Ireland's Law Society has responded negatively to the Clementi-style reforms proposed by the Irish Competition Authority (ICA) in its February report on reforming the legal services sector.

Among the changes put forward by the ICA were the creation of an independent body to handle complaints, the creation of a Legal Services Commission to either directly regulate or oversee the regulation of the legal services sector, and allowing partnerships between solicitors and barristers and multi-disciplinary partnerships.
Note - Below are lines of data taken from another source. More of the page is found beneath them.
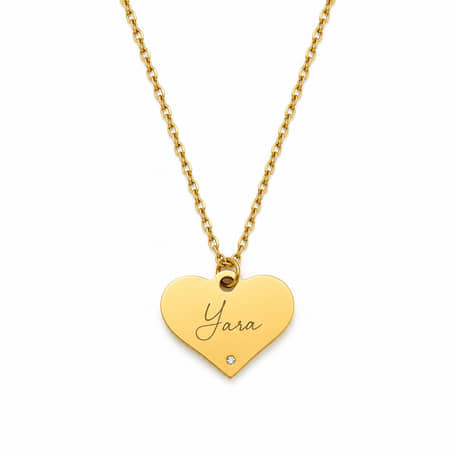 Graveerbare Ketting Hart met Steentje en Naam goud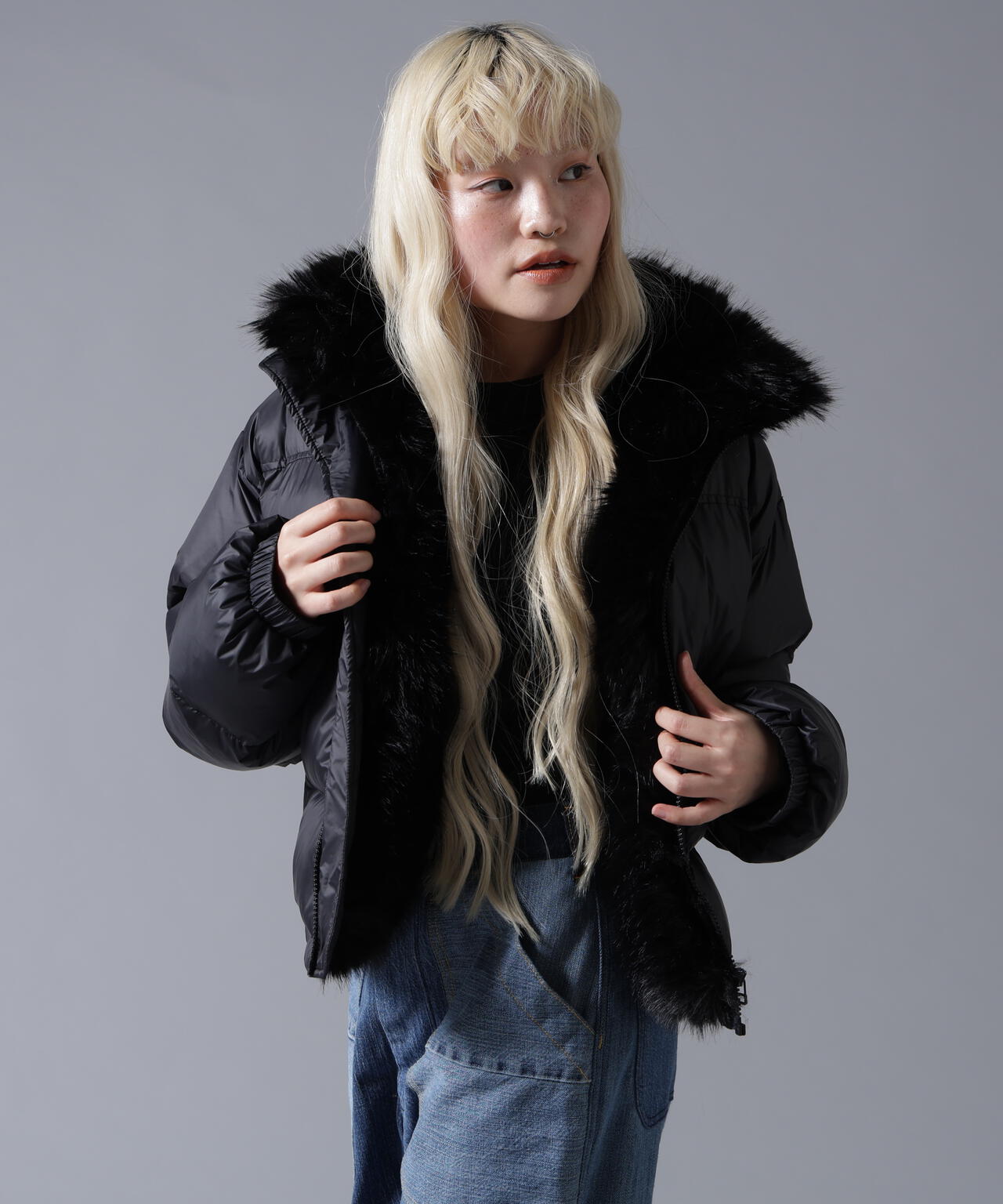 B omnivore/ビーオムニボー　NYLON FUR STAND BLOUSON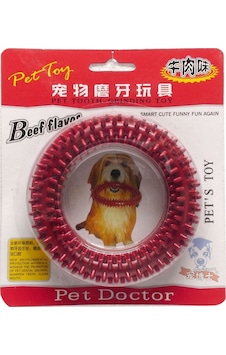 Pet Toys LT-007 14 CM Plastik Kokulu Halka Köpek Diş Kemiği Oyuncağı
However, in a statement released late last month, the Law Society announced that:

"The Society is critical of the Authority's inconsistent uses of evidence in two main respects. Firstly, on the subject of the competitiveness of the market for solicitors' services in Ireland, the Authority seems very reluctant to draw the inevitable conclusion, based on the evidence in its own preliminary report, that the market is highly competitive."

"Secondly, in relation to the system of regulation of the legal profession and on other matters, the Authority disregards the need for real evidence rather than simple assertions. It proceeds to make recommendations based on preconceptions and ideology rather than on reality and a careful assessment of facts. In this and in other respects the Competition Authority has failed to follow the principles of good regulatory practice set out in the Government's Regulating Better White Paper of January 2004."

The statement concluded by announcing that:

"It is the Society's hope that members of the Government will give full consideration to the views of the Society, as well as those of the Competition Authority, before reaching a conclusion on where the public interest lies on the various matters being studied."